FIG. 4 is a diagram 400 illustrating an example of secure device data being managed along a supply chain, in accordance with some implementations of the disclosure. In particular, diagram 400 depicts a semiconductor device 405 transiting through three provisioning entities 412, 422, 432. Semiconductor device 405 include a CPU, flash memory (e.g., non-volatile memory), OTP memory, and an FPGA IC. Initial state 400 may be indicative of semiconductor device 405 in an initial state 410. The initial state may reflect a post-manufacturing state. In some implementations, the data initially programmed to semiconductor device 405 (e.g., a manufacturer's certificate, a manufacturer's bitstream, and a device key) may be sent to supply chain security manager 144. Provisioning server 412 may receive semiconductor device 405 (e.g., from the manufacturer), request the corresponding secure device data 414 from supply chain security manager 144, and perform authentication and attestation operations. Secure device data 414 may include a public root key, a manufacturer's certificate endorsement, an OTP endorsement, and a manufacturer's bitstream endorsement. Provision entity 412 may then use the public root key to perform authentication operations by authenticating semiconductor device 405. Provision entity 412 may then use the manufacturer's certificate endorsement, the OTP endorsement, and the manufacturer's bitstream endorsement to perform attestation operations by verify the state of the flash memory, the OTP memory and the FPGA IC. Responsive to the attestation operations verifying the states of the substrate device 405, provisioning entity 412 may perform provisioning operations on semiconductor device 405. Provisioning entity 412 may then generate endorsements of the flash memory, the OTP memory, and the FPGA IC (in their new state) and send the endorsements to supply chain security manager 144. Provisioning entity 412 may also send any data assets provisioned onto semiconductor device 405 to supply chain security manager 144. Semiconductor device 405 (now in the FPGA provisioned state 420) may then move along the supply chain to provisioning entity 420, which may also perform authentication operations and attestation operations using secure device data 424 received from supply chain security manager 144. Provisioning entity 424 may then perform provisioning operations and send new secure device data to supply chain security manager 144.

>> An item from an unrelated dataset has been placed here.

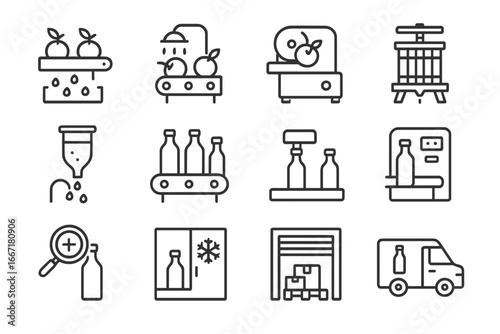 Dock icon vector machine delivery label van production juice icons quality storage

Semiconductor device 405 (now in the operational state 430) may then move along the supply chain to provisioning entity 430, which may also perform authentication operations and attestation operations using secure device data 434 received from supply chain security manager 144. Provisioning entity 434 may then perform provisioning operations and send new secure device data to supply chain security manager 144.

As discussed above, the supply chain security manager 144 collects device information (e.g., secure device data) across a supply chain and report generator 146 may provide aggregated provenance data, including device state and evidence of activities against the device (provisioning, test, infrastructure authentication, device authentication, etc.), as evidence that a composite device has been processed by an approved supply chain in an approved manner.

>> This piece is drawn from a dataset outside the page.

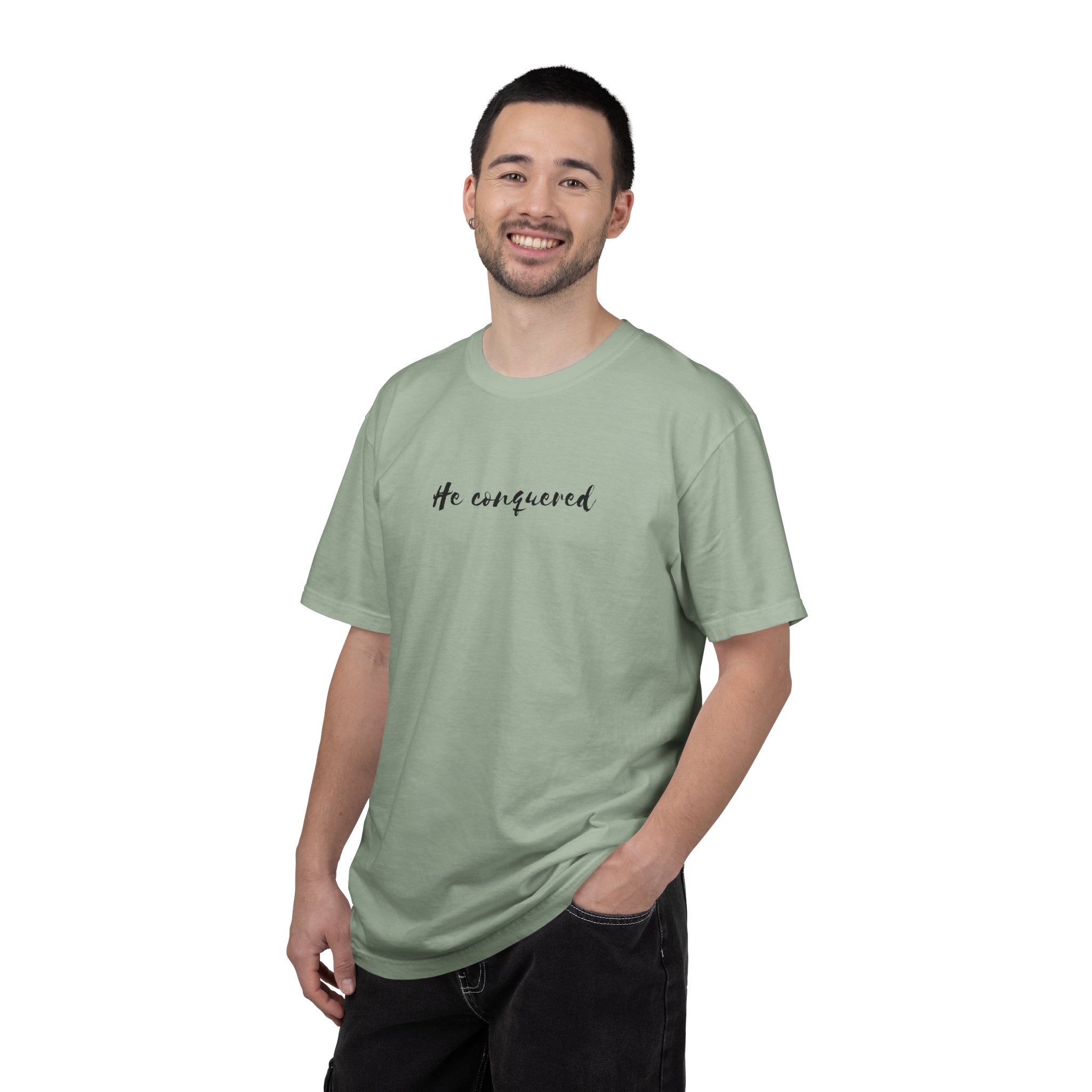 He Conquered T-Shirt — Christian Scripture John 16:33 Inspirational Tee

FIG. 5 is a block diagram illustrating an exemplary computer system 500, in accordance with some implementations of the disclosure. The computer system 500 executes one or more sets of instructions 530 that cause the machine to perform any one or more of the methodologies discussed herein. Set of instructions, instructions, and the like may refer to instructions that, when executed by computer system 500, cause computer system 500 to perform one or more operations of host server 142. The machine may operate in the capacity of a server or a client device in a client-server network environment, or as a peer machine in a peer-to-peer (or distributed) network environment. The machine may be a personal computer (PC), a tablet PC, a set-top box (STB), a personal digital assistant (PDA), a mobile telephone, a web appliance, a server, a network router, switch or bridge, or any machine capable of executing a set of instructions (sequential or otherwise) that specify actions to be taken by that machine. Further, while only a single machine is illustrated, the term “machine” shall also be taken to include any collection of machines that individually or jointly execute the sets of instructions to perform any one or more of the methodologies discussed herein.

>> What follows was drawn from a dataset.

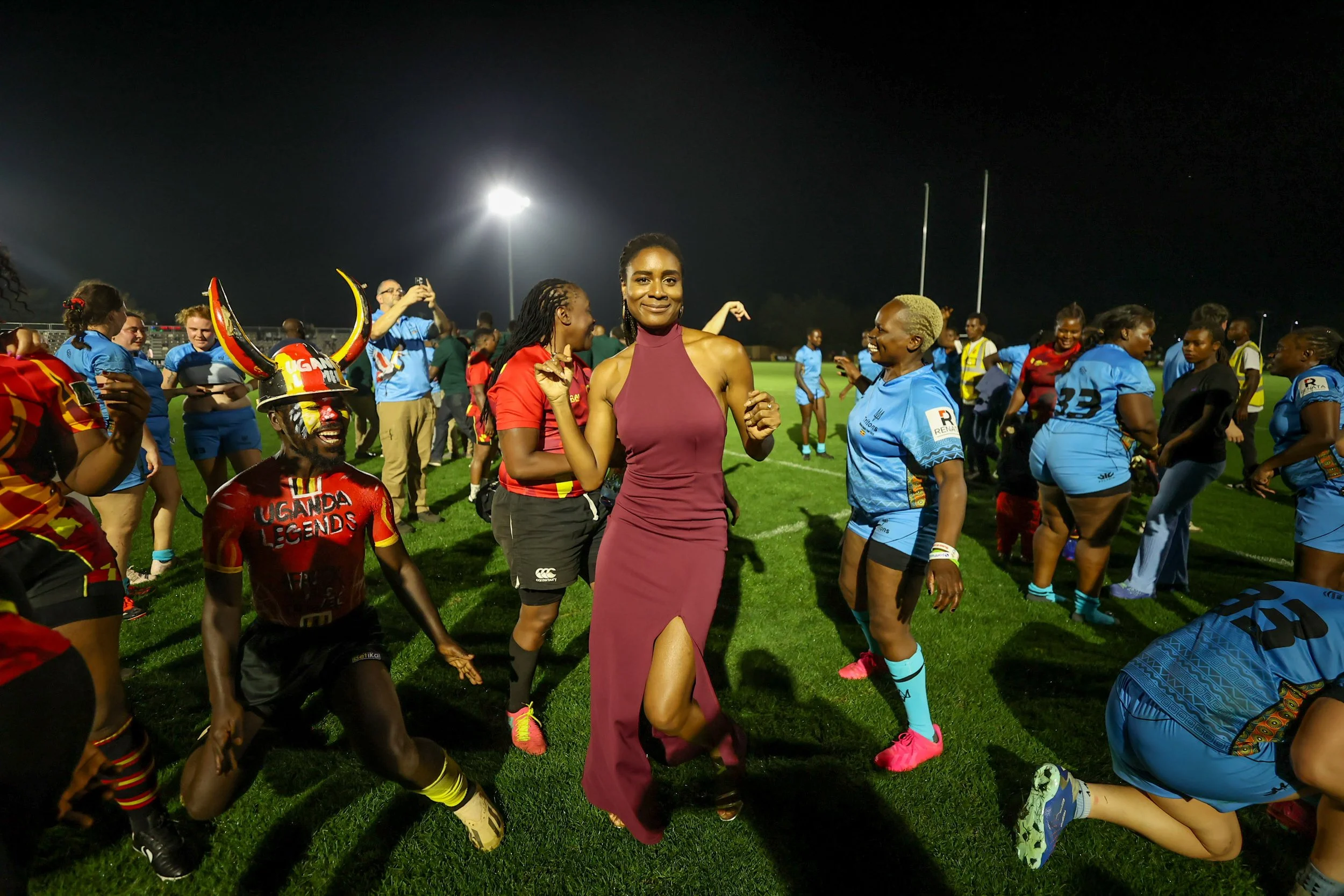 Women's rugby celebration during Tritons international rugby tour event in Uganda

The computer system 500 includes a processing device 502, a main memory 504 (e.g., read-only memory (ROM), flash memory, dynamic random-access memory (DRAM) such as synchronous DRAM (SDRAM) or Rambus DRAM (RDRAM), etc.), a static memory 506 (e.g., flash memory, static random access memory (SRAM), etc.), and a data storage device 516, which communicate with each other via a bus 508.

The processing device 502 represents one or more general-purpose processing devices such as a microprocessor, central processing unit, or the like. More particularly, the processing device 502 may be a complex instruction set computing (CISC) microprocessor, reduced instruction set computing (RISC) microprocessor, very long instruction word (VLIW) microprocessor, or a processing device implementing other instruction sets or processing devices implementing a combination of instruction sets. The processing device 502 may also be one or more special-purpose processing devices such as an application specific integrated circuit (ASIC), a field programmable gate array (FPGA), a digital signal processor (DSP), network processor, or the like. The processing device 502 is configured to execute instructions 530 of the computer system 100 for performing the operations discussed herein.

The computer system 500 may further include a network interface device 522 that provides communication with other machines over a network 518, such as a local area network (LAN), an intranet, an extranet, or the Internet. The computer system 500 also may include a display device 510 (e.g., a liquid crystal display (LCD) or a cathode ray tube (CRT)), an alphanumeric input device 512 (e.g., a keyboard), a cursor control device 514 (e.g., a mouse), and a signal generation device 520 (e.g., a speaker).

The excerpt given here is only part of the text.